My dream breeding (alive or dead) was done in the '70s, by an Australian woman. She took an Aswan daughter, and bred her to Hadban Enzahi. That would be my dream breeding, and she was lucky enough to get a beautiful filly from the cross. Now my realistic dream is to own a descendant of that line.


----------



## texasreb (Aug 11, 2012)

Donegal Dr. Pepper


----------



## GamingGrrl (Jan 16, 2013)

I own geldings, but I love me some Colonels Smoking Gun (Gunner). 
_Posted via Mobile Device_


----------



## FGRanch (Feb 9, 2008)

GamingGrrl said:


> I own geldings, but I love me some Colonels Smoking Gun (Gunner).
> _Posted via Mobile Device_


 
I love his son Colonels Lil Gun, and Gunnatrashya (Drollllllsssss, out of my fave mare)


----------



## Brighteyes (Mar 8, 2009)

I have a foundation bred SSH mare. If I ever bred her, I would toss between:

Undertaker's Gravedigger










Hardcastle's Prime Sun










Or Hi Time Higg:


----------



## WSArabians (Apr 14, 2008)

I can't decide on one, so either of these would work fine with me:

Khemosabi:










Serafix:










Aulrab:










Muscat:










Raffon Abida:










Al-Marah Matt Dillon:










TA Mozart:










Kordelas:










Xenophonn:










Ideally, I would have a mare for each, and each would have a filly.


----------



## WSArabians (Apr 14, 2008)

FGRanch said:


> I love his son Colonels Lil Gun, and Gunnatrashya (Drollllllsssss, out of my fave mare)

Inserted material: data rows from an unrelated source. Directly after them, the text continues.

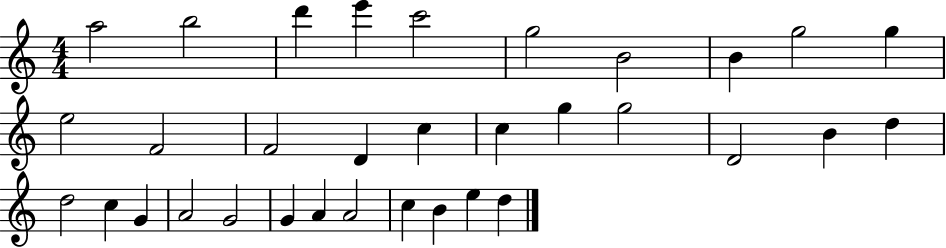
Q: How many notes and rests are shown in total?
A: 33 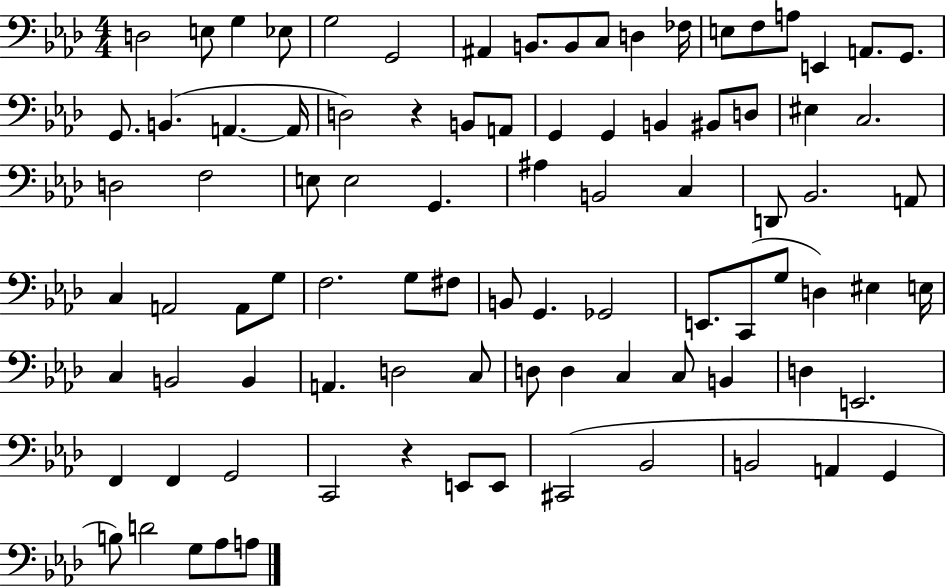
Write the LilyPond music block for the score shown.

{
  \clef bass
  \numericTimeSignature
  \time 4/4
  \key aes \major
  d2 e8 g4 ees8 | g2 g,2 | ais,4 b,8. b,8 c8 d4 fes16 | e8 f8 a8 e,4 a,8. g,8. | \break g,8. b,4.( a,4.~~ a,16 | d2) r4 b,8 a,8 | g,4 g,4 b,4 bis,8 d8 | eis4 c2. | \break d2 f2 | e8 e2 g,4. | ais4 b,2 c4 | d,8 bes,2. a,8 | \break c4 a,2 a,8 g8 | f2. g8 fis8 | b,8 g,4. ges,2 | e,8. c,8( g8 d4) eis4 e16 | \break c4 b,2 b,4 | a,4. d2 c8 | d8 d4 c4 c8 b,4 | d4 e,2. | \break f,4 f,4 g,2 | c,2 r4 e,8 e,8 | cis,2( bes,2 | b,2 a,4 g,4 | \break b8) d'2 g8 aes8 a8 | \bar "|."
} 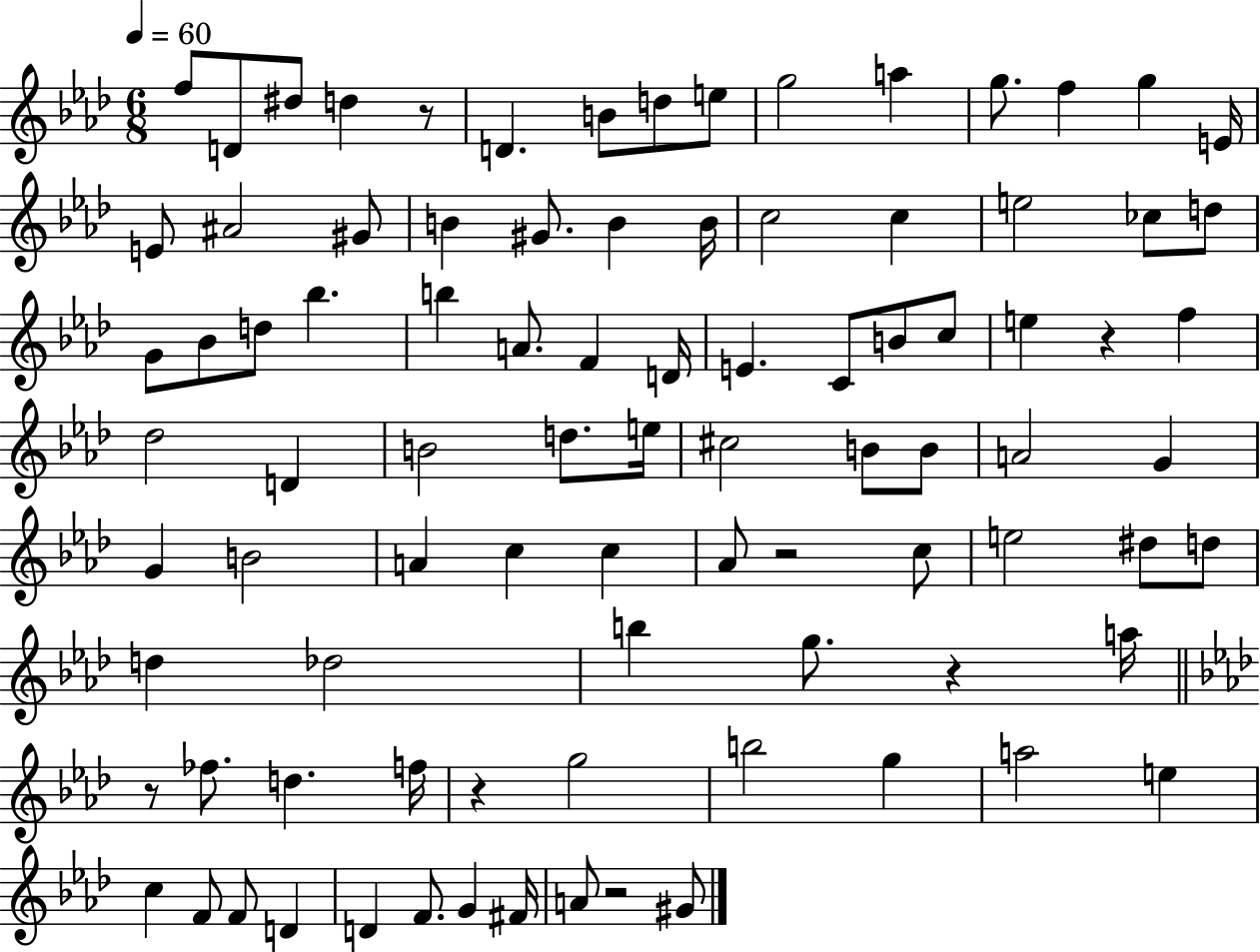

Isn't that Gunnie's mom? Or sister?


----------



## Golden Horse (Feb 20, 2010)

Drool worthy WS, some very pretty boys there.

I'm not sure who I would choose if I had the whole world to choose from, but the only breeding that I may do at sometime is take Emmy to visit this guy:

Empres PASB


----------



## FGRanch (Feb 9, 2008)

WSArabians said:


> Isn't that Gunnie's mom? Or sister?


She is by Gunnies 3/4 brother so her neice?! :lol:

Oh my hot darn Mozart is the best looking Arab EVER...in my opinion.


----------



## deserthorsewoman (Sep 13, 2011)

Chiilaa said:


> My dream breeding (alive or dead) was done in the '70s, by an Australian woman. She took an Aswan daughter, and bred her to Hadban Enzahi. That would be my dream breeding, and she was lucky enough to get a beautiful filly from the cross. Now my realistic dream is to own a descendant of that line.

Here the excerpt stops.